17
votes

I have a spark DF with rows of Seq[(String, String, String)]. I'm trying to do some kind of a flatMap with that but anything I do try ends up throwing

java.lang.ClassCastException: org.apache.spark.sql.catalyst.expressions.GenericRowWithSchema cannot be cast to scala.Tuple3

I can take a single row or multiple rows from the DF just fine

df.map{ r => r.getSeq[Feature](1)}.first

returns

Seq[(String, String, String)] = WrappedArray([ancient,jj,o], [olympia_greece,nn,location] .....

and the data type of the RDD seems correct.

org.apache.spark.rdd.RDD[Seq[(String, String, String)]]

The schema of the df is

root
 |-- article_id: long (nullable = true)
 |-- content_processed: array (nullable = true)
 |    |-- element: struct (containsNull = true)
 |    |    |-- lemma: string (nullable = true)
 |    |    |-- pos_tag: string (nullable = true)
 |    |    |-- ne_tag: string (nullable = true)

I know this problem is related to spark sql treating the RDD rows as org.apache.spark.sql.Row even though they idiotically say that it's a Seq[(String, String, String)]. There's a related question (link below) but the answer to that question doesn't work for me. I am also not familiar enough with spark to figure out how to turn it into a working solution.

Are the rows Row[Seq[(String, String, String)]] or Row[(String, String, String)] or Seq[Row[(String, String, String)]] or something even crazier.

I'm trying to do something like

df.map{ r => r.getSeq[Feature](1)}.map(_(1)._1)

which appears to work but doesn't actually

df.map{ r => r.getSeq[Feature](1)}.map(_(1)._1).first

throws the above error. So how am I supposed to (for instance) get the first element of the second tuple on each row?

Also WHY has spark been designed to do this, it seems idiotic to claim that something is of one type when in fact it isn't and can not be converted to the claimed type.


Related question: GenericRowWithSchema exception in casting ArrayBuffer to HashSet in DataFrame to RDD from Hive table

Related bug report: http://search-hadoop.com/m/q3RTt2bvwy19Dxuq1&subj=ClassCastException+when+extracting+and+collecting+DF+array+column+type

2
May I ask who down-voted this question and why ?eliasah
the related bug report was the solution for meIstvan Nagy

2 Answers

20
votes

Well, it doesn't claim that it is a tuple.
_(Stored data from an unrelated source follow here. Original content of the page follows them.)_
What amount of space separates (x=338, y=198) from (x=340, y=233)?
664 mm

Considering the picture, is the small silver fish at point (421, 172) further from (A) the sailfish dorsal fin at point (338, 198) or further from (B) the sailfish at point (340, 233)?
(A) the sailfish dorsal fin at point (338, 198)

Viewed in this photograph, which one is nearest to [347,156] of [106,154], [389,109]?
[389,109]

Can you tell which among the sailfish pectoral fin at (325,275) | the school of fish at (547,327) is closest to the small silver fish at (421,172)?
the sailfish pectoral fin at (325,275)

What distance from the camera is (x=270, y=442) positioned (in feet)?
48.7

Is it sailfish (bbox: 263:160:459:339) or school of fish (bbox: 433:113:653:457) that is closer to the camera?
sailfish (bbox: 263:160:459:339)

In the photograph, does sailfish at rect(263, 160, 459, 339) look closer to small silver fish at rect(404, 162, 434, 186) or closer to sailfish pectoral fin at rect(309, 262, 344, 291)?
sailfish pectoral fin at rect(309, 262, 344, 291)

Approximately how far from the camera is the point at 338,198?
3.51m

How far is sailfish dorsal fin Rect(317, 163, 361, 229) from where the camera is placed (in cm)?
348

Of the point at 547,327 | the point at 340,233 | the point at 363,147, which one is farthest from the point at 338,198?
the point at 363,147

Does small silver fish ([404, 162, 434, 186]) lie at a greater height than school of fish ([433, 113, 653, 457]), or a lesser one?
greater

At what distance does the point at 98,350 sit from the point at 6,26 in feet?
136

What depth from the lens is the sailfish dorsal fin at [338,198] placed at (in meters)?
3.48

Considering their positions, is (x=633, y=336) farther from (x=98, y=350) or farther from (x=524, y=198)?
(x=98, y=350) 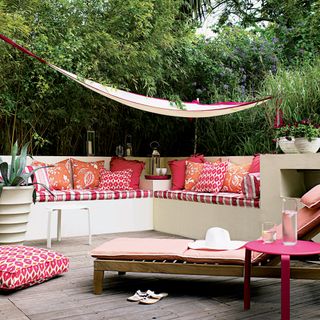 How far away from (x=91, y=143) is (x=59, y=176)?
91 cm

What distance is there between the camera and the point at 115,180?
615 cm

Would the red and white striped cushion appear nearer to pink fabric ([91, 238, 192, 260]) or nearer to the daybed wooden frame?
pink fabric ([91, 238, 192, 260])

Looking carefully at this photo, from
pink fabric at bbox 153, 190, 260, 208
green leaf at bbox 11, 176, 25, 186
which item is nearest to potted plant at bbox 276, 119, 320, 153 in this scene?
pink fabric at bbox 153, 190, 260, 208

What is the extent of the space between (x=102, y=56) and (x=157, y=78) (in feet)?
2.73

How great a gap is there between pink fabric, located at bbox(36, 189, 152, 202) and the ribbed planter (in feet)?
3.52

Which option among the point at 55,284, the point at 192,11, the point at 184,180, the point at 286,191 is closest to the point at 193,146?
the point at 184,180

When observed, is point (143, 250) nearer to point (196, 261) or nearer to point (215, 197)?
point (196, 261)

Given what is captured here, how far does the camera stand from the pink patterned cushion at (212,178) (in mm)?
5516

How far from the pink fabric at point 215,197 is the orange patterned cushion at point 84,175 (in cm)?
92

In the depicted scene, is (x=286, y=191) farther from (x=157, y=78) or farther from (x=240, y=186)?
(x=157, y=78)

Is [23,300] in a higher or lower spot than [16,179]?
lower

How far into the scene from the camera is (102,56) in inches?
232

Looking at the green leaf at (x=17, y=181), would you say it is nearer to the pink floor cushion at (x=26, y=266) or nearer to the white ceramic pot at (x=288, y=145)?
the pink floor cushion at (x=26, y=266)

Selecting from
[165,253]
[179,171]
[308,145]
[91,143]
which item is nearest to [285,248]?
[165,253] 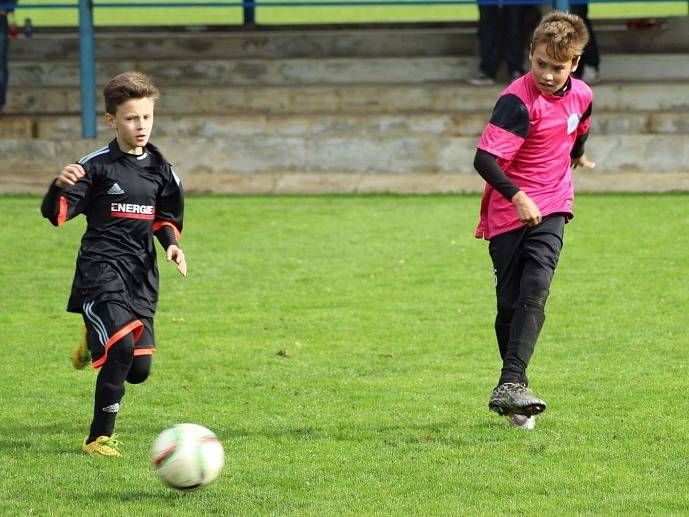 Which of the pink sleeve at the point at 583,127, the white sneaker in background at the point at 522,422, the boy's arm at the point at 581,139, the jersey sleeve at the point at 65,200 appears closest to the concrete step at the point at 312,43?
the boy's arm at the point at 581,139

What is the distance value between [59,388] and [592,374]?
9.20 ft

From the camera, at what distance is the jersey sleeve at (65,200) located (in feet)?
18.0

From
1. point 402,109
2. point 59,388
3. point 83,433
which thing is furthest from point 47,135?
point 83,433

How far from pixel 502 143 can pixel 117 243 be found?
5.71ft

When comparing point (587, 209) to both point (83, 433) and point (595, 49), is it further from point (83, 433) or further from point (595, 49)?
point (83, 433)

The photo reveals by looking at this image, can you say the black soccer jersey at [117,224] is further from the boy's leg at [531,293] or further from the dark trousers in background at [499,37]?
the dark trousers in background at [499,37]

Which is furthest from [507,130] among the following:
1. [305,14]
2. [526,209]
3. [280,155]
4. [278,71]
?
[305,14]

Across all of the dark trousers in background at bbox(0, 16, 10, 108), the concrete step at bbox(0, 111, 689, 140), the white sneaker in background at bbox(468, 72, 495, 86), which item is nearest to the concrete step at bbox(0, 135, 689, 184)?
the concrete step at bbox(0, 111, 689, 140)

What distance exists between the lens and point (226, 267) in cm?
1080

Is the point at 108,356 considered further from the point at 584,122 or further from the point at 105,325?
the point at 584,122

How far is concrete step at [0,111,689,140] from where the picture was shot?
1562 cm

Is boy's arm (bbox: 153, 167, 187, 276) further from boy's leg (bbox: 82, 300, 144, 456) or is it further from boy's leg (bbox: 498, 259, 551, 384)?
boy's leg (bbox: 498, 259, 551, 384)

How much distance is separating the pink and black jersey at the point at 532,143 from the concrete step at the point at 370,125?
9.42m

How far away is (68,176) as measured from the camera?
17.8ft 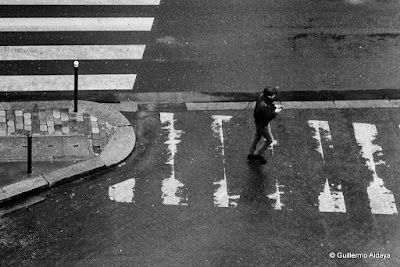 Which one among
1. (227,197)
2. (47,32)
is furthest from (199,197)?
(47,32)

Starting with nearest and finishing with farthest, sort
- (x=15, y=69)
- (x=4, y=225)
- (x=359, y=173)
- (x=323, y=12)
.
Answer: (x=4, y=225)
(x=359, y=173)
(x=15, y=69)
(x=323, y=12)

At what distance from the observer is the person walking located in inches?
630

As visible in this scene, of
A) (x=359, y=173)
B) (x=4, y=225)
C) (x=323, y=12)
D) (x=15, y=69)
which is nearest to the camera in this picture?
(x=4, y=225)

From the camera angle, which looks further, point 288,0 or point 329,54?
point 288,0

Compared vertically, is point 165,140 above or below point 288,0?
below

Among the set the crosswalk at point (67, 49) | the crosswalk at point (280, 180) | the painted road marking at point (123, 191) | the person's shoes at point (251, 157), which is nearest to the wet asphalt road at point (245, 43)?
the crosswalk at point (67, 49)

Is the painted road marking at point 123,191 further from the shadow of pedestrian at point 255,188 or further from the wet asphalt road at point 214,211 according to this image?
the shadow of pedestrian at point 255,188

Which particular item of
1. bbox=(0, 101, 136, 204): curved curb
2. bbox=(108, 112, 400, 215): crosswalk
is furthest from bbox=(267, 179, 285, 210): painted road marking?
bbox=(0, 101, 136, 204): curved curb

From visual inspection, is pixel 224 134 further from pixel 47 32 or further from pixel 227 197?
pixel 47 32

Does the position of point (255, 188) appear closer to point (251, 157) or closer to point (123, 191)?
point (251, 157)

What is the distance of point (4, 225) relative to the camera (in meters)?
15.2

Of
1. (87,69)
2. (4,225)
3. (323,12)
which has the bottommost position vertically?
(4,225)

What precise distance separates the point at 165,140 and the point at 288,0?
5.70 metres

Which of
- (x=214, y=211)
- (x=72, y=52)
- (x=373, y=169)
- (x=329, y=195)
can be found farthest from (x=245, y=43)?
(x=214, y=211) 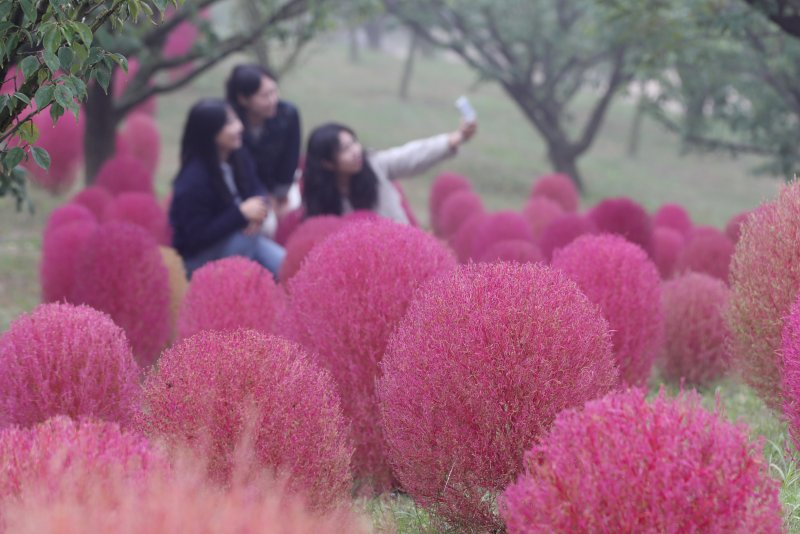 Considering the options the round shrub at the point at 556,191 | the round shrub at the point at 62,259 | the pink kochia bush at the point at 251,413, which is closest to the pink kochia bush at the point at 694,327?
the pink kochia bush at the point at 251,413

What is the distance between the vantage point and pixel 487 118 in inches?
1067

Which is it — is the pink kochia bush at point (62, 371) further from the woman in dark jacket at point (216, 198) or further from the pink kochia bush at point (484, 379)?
the woman in dark jacket at point (216, 198)

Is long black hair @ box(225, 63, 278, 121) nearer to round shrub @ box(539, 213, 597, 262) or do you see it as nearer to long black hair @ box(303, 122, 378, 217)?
long black hair @ box(303, 122, 378, 217)

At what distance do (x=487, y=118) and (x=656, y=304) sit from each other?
2275 cm

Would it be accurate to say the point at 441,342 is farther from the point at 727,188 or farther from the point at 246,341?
the point at 727,188

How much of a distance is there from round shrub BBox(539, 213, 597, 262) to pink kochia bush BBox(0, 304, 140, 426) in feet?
13.0

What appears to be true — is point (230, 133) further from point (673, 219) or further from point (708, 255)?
point (673, 219)

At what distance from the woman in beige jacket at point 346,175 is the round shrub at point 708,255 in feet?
7.26

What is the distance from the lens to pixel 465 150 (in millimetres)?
21797

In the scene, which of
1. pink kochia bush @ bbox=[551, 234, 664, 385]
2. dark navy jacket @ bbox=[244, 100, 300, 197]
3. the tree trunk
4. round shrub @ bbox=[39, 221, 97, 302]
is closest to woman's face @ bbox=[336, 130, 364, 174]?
dark navy jacket @ bbox=[244, 100, 300, 197]

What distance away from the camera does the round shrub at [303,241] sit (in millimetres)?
5473

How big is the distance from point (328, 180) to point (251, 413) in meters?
4.06

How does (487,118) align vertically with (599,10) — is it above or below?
below

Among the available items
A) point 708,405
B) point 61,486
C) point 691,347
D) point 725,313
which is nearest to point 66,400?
point 61,486
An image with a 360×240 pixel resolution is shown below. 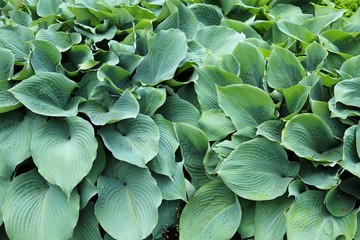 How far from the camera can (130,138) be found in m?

It claims it is a struct which maps to Row:

import org.apache.spark.sql.Row

case class Feature(lemma: String, pos_tag: String, ne_tag: String)
case class Record(id: Long, content_processed: Seq[Feature])

val df = Seq(
  Record(1L, Seq(
    Feature("ancient", "jj", "o"),
    Feature("olympia_greece", "nn", "location")
  ))
).toDF

val content = df.select($"content_processed").rdd.map(_.getSeq[Row](0))

You'll find exact mapping rules in the Spark SQL programming guide.

Since Row is not exactly pretty structure you'll probably want to map it to something useful:

content.map(_.map {
  case Row(lemma: String, pos_tag: String, ne_tag: String) => 
    (lemma, pos_tag, ne_tag)
})

or:

content.map(_.map ( row => (
  row.getAs[String]("lemma"),
  row.getAs[String]("pos_tag"),
  row.getAs[String]("ne_tag")
)))

Finally a slightly more concise approach with Datasets:

df.as[Record].rdd.map(_.content_processed)

or

df.select($"content_processed").as[Seq[(String, String, String)]]

although this seems to be slightly buggy at this moment.

There is important difference the first approach (Row.getAs) and the second one (Dataset.as). The former one extract objects as Any and applies asInstanceOf. The latter one is using encoders to transform between internal types and desired representation.

0
votes
object ListSerdeTest extends App {

  implicit val spark: SparkSession = SparkSession
    .builder
    .master("local[2]")
    .getOrCreate()


  import spark.implicits._
  val myDS = spark.createDataset(
    Seq(
      MyCaseClass(mylist = Array(("asd", "aa"), ("dd", "ee")))
    )
  )

  myDS.toDF().printSchema()

  myDS.toDF().foreach(
    row => {
      row.getSeq[Row](row.fieldIndex("mylist"))
        .foreach {
          case Row(a, b) => println(a, b)
        }
    }
  )
}

case class MyCaseClass (
                 mylist: Seq[(String, String)]
               )

Above code is yet another way to deal with nested structure. Spark default Encoder will encode TupleX, making them nested struct, that's why you are seeing this strange behaviour. and like others said in the comment, you can't just do getAs[T]() since it's just a cast(x.asInstanceOf[T]), therefore will give you runtime exceptions.